▶ **SUPPLIED DATA**:
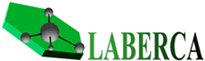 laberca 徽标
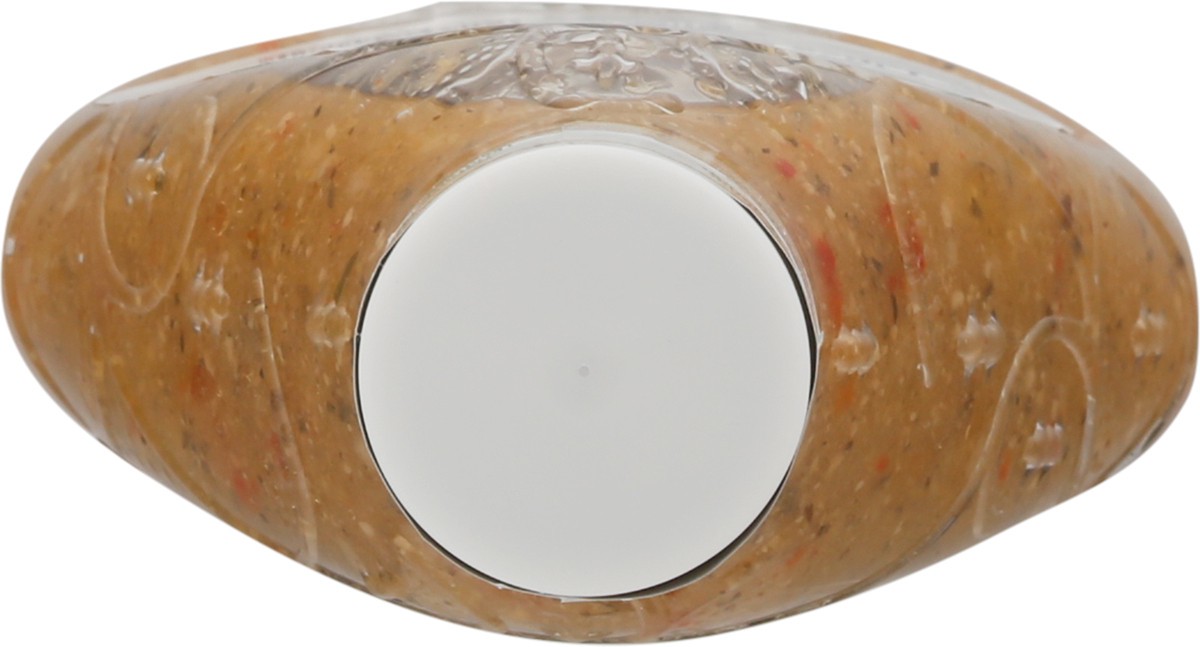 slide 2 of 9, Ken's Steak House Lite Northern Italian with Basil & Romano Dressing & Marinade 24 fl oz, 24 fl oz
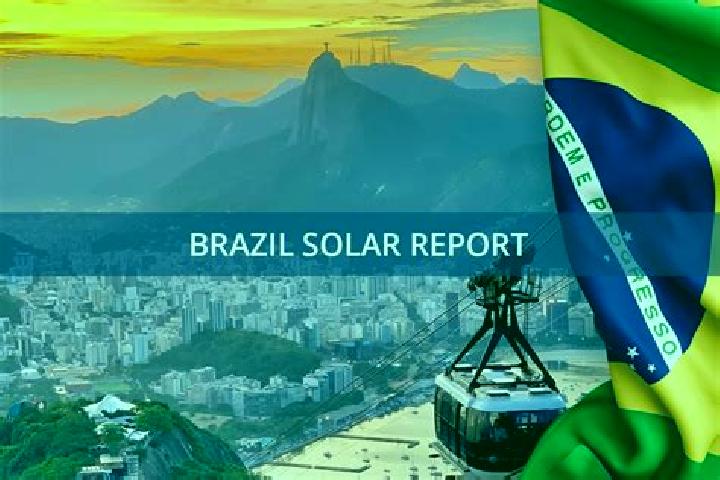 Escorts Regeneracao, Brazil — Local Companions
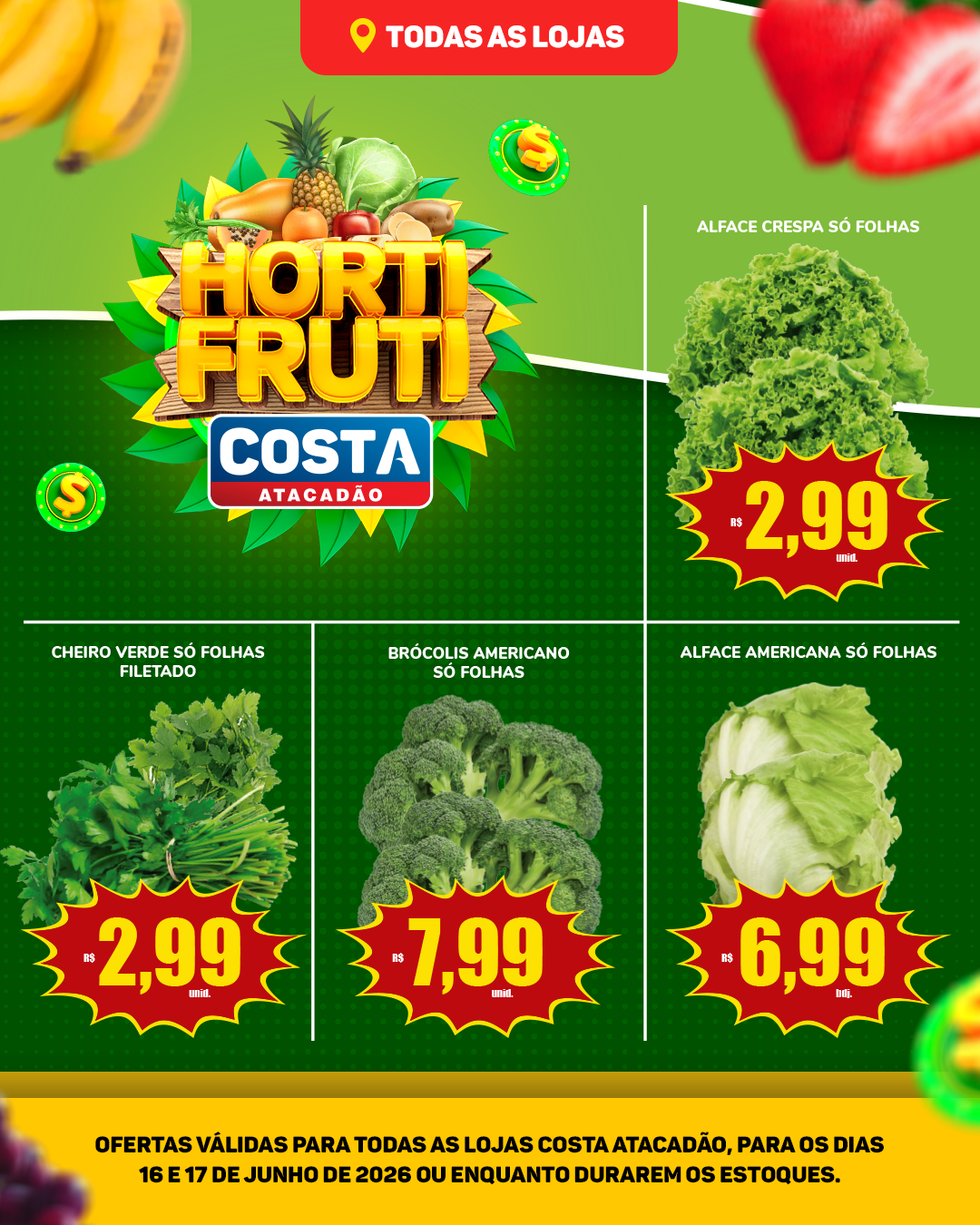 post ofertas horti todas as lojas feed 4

▶ **TASK DETAILS**: Each line above is to be repeated exactly as written; no picture is carried over.

▶ **EXERCISE RESPONSE**:
 laberca 徽标
 slide 2 of 9, Ken's Steak House Lite Northern Italian with Basil & Romano Dressing & Marinade 24 fl oz, 24 fl oz
 Escorts Regeneracao, Brazil — Local Companions
 post ofertas horti todas as lojas feed 4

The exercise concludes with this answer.